• _How to complete this task_: Exclude the pictures, and otherwise reproduce the data in full.

• _Supplied information_:
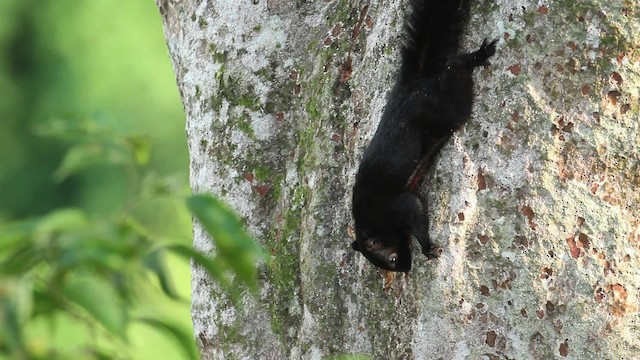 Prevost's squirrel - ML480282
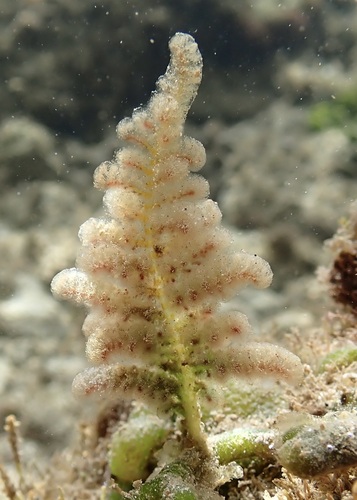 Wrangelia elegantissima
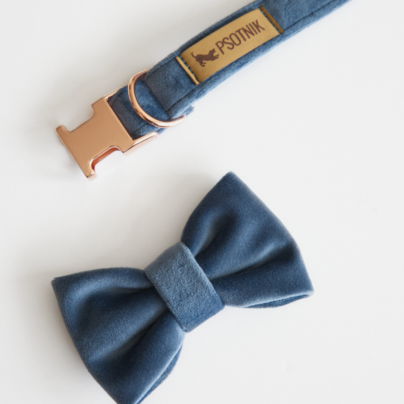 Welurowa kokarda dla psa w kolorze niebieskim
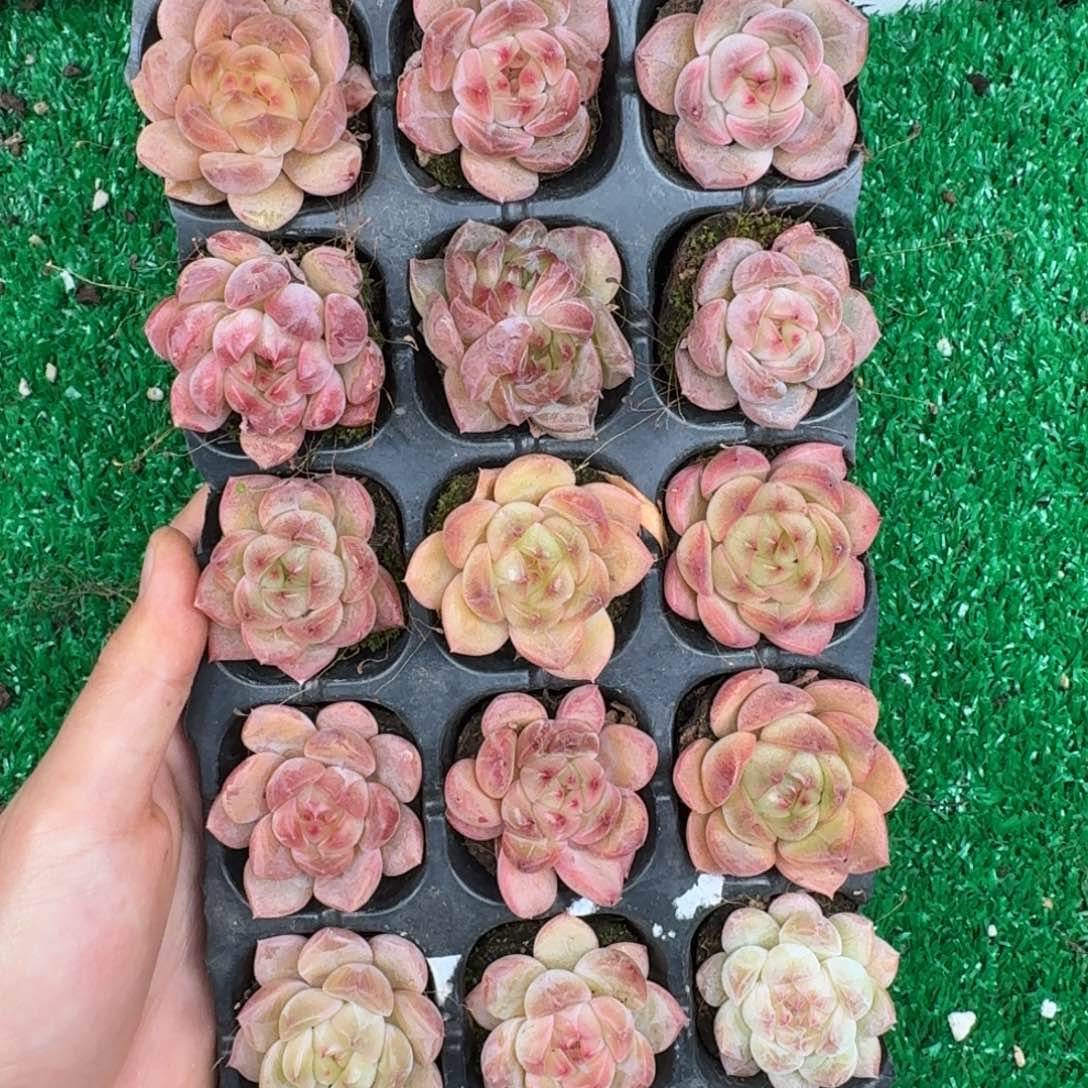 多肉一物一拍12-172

• _Expected answer_:
 Prevost's squirrel - ML480282
 Wrangelia elegantissima
 Welurowa kokarda dla psa w kolorze niebieskim
 多肉一物一拍12-172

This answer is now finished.